The NAM guidance has really taken off in terms of how much snow this system will produce on Thursday with a general 2-5″ snowfall in much of northeast Minnesota and northwest Wisconsin while the European model shows a lot less snow except in the Arrowhead and for eastern portions of northwest Wisconsin. The majority of the computer models are siding more with the NAM guidance (although with slightly lower snow amounts) compared to the Euro model.
Snow is expected to develop early Thursday morning over parts of northeast and east-central Minnesota and northwest Wisconsin with snow continuing during the day Thursday before ending from west to east late Thursday afternoon/early evening.
For Duluth and Superior: Some snow is possible after 3 AM tonight, with a better chance for some snow coming in the 7 AM to 1 PM Thursday time frame.
18z NAM 3km model simulated radar forecast valid from Midnight tonight to 6 PM Thursday.
Trying to come up with a snowfall forecast for Thursday’s system has proven to be a tad difficult this afternoon since the guidance is all over the place, but this is what I’ve come up with for possible snowfall amounts for Thursday.
Note: Bust potential is quite high with this system as snow amounts could end up higher or lower than what I have shown on the map below, could go either way.
…Winter Storm Friday through Saturday morning…
NWS hazards map as of 4:35 PM Wednesday, December 8, 2021.
Areas in red and yellow on the image below have the highest chance for exceeding warning criteria snowfall on Friday (6 inches/12 hours, or 8 inches/24 hours).
Heads up if you have travel plans that take you to southern Minnesota or central Wisconsin Friday into Saturday morning as Moderate to Minor potential winter storm impacts covers those areas.
…Storm Threat mid to late next week (~December 15-17, 2021)…

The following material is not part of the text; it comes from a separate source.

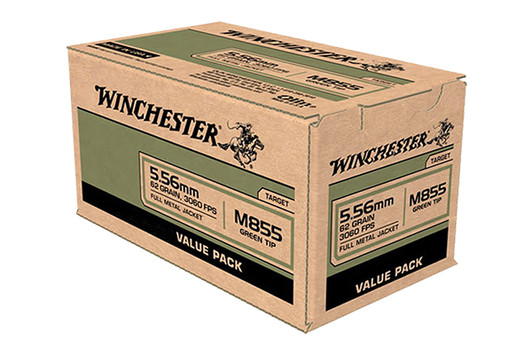 Winchester 5.56mm M855 NATO Ammo 62 Grain Green Tip FMJ 500 Rounds WM855500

The upper-level pattern for next week is one that can lead to a storm coming out of the Rockies as will see an upper-level trough dig south across the western U.S. while a strong ridge builds NE across the Midwest and Great Lakes.
The computer models have been hinting at a big storm moving NE out of the Rockies for mid to late next week, but at the moment the storm track is well to our west which puts the Northland squarely on the warm side of this potential system which increases the odds will see rain instead of ice or snow, but since we’re talking about a system that is a week away, we could certainly see the storm track shift, and also for the storm to come in weaker or even stronger than what the computer models show right now.
Even more interesting is the fact the computer models are generating quite a bit of CAPE (instability) for next Wednesday-Thursday, and should this verify, we may even see a few thunderstorms in parts of Minnesota and Wisconsin next week.
Potential storm for mid to late next week may also produce very strong winds, with gusts of 40-50+ mph possible in the Northland Wednesday-Thursday, with near hurricane force wind gusts possible on Lake Superior (70+ mph). Wind direction would be from the south on Wednesday, then out of the west on Thursday.